Final result after a little polishing, degreasing, and some paint. Ready to reinstall.

A lot to see here, but this is how things looked under the engine once the engine control cables, oil hoses, and fuel line were disconnected and the carb and intake manifold tee were removed. Marvin ended up adding this flat finned-tube oil cooler on the bottom of the airplane and said it worked well enough. Oddly enough, he had it positioned with the fins opposing the flow of oncoming air rather than encouraging air to flow between the fins and over the tubes. Hot oil from the pump comes into the cooler through the hose on the left and returns to the engine's oil galleries through the hose on the right. The hoses he used are some heck-for-stout hydraulic fluid hoses that are heavy and all but impossible to cut through. All of that was removed and not reused in the restoration since I converted the oil cooling to a top-mount pancake style, as we'll see presently. The thin aluminum oil screen up in the engine sump gets pulled and replaced. Also improved in the restoration were the openings through the firewall for the Bowden cables, lines, and wires... each of which received stainless 2-piece shields to tidy up the installation. The old fuel filter and hardened/yellowed fuel tubing were discarded and a different fuel setup used in the restoration.

Up on top, I removed enough of the previous oil system apparatus to allow me to test-fit a pancake-style oil cooler where it should go. It fit fine, so that's the direction I'll take the oil system. This is the arrangement that I plan to use on my own 1835 with pressure cowl and baffling, but that's a story for another day. Here you see that the oil filler/ crankcase breather/oil mist separator has been removed and the old breather hose (oil-browned plastic tubing up against the firewall) is ready to yank out. The ignition coil has also been demounted so as to swing it out of the way. It tested 'good', is still serviceable, and will be cleaned and reused.

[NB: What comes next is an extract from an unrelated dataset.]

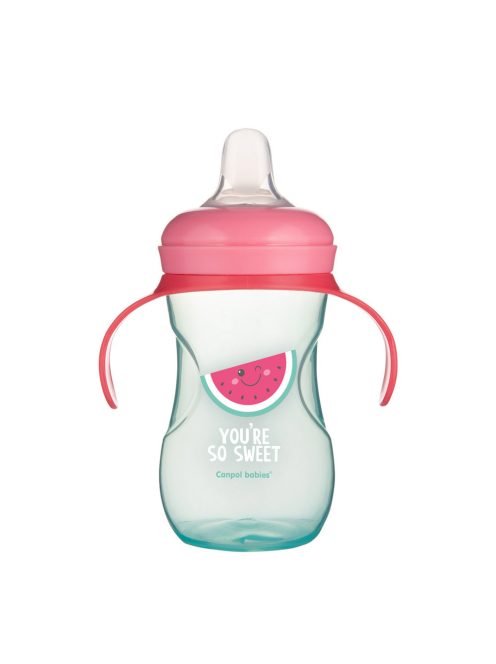 Canpol babies Gyakorló itatópohár szilikon szeleppel, 270 ml, SO COOL - rózsaszín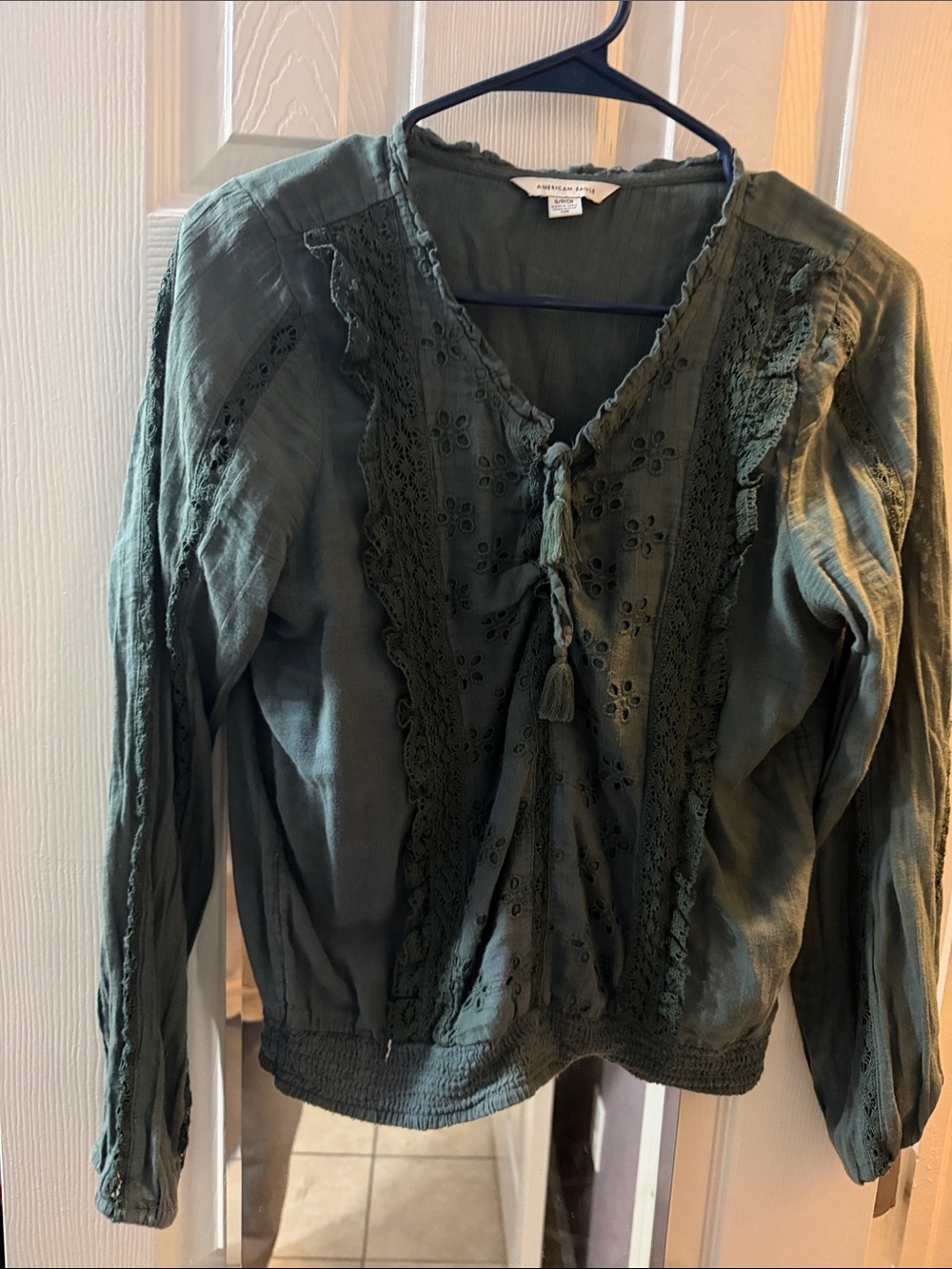 American Eagle Outfitters Olive Green Lace-Trim Peasant Blouse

The mounting pad for the oil cooler has been cleaned and prepped for the new cooler. I sure wish I had started out determined to strip the engine of its accessories, swing it off the airframe on my engine hoist, strip and clean the cases, and repaint them. That does not look good, it doesn't make me happy to see it left this way, but it was never in my plan to go that far with the restoration and the deteriorated paint job doesn't affect the engine operation.

Cleaned up and painted dipstick and oil filler/breather/separator in their places. Fuel pump blank-off plate to the left of it has been cleaned, painted, and reinstalled with a new gasket. In the background, the stripped, cleaned, painted, and re-fitted port side intake manifold is visible with its new flexible joiner. Electrical wiring is still untouched at this point, so don't look at it ;o) Oops... now that's all you see, right? ;o)

Here's the oil mist separator that fits in under the filler/breather. Once again listening to my VW guru Bouyea, I positioned the separator as recommended such that oil naturally runs down the inverted louvers and back into the crankcase, and the rotating crankshaft and moving parts inside the case tend to fling oil droplets away from the louvered openings, not into them. Some VW assembly manuals have the separator positioned exactly opposite this, against all logic.

Here's what the original oil setup looked like on top of the engine. Oil drawn from the sump was pumped up through the oil relief valve to the blue adapter fitting and out through the small aluminum block to the remote oil cooler under the plane. The oil temperature probe is stuck into the same block, opposite the hose leaving to the oil cooler, to sense the oil temperature. The cooled oil then returns back through a hose into the other port in the blue fitting and down to the drilled oil galleries to cool and lubricate all the bearings and lifters, and then returns down into the sump. The small diameter Nylaflow tube on the right in the picture comes out of the block through a 1/8" NPT tapping and goes to the mechanical oil pressure gauge on the instrument panel. Visible at the top rear on the firewall are a ballast resistor (white object; determined not to be necessary with the Bosch Blue ignition coil on this engine and discarded in the rebuild) and the dynamo voltage regulator (the cast, finned object). More on those later, when we get to ignition. Man is that flaking red paint ugly!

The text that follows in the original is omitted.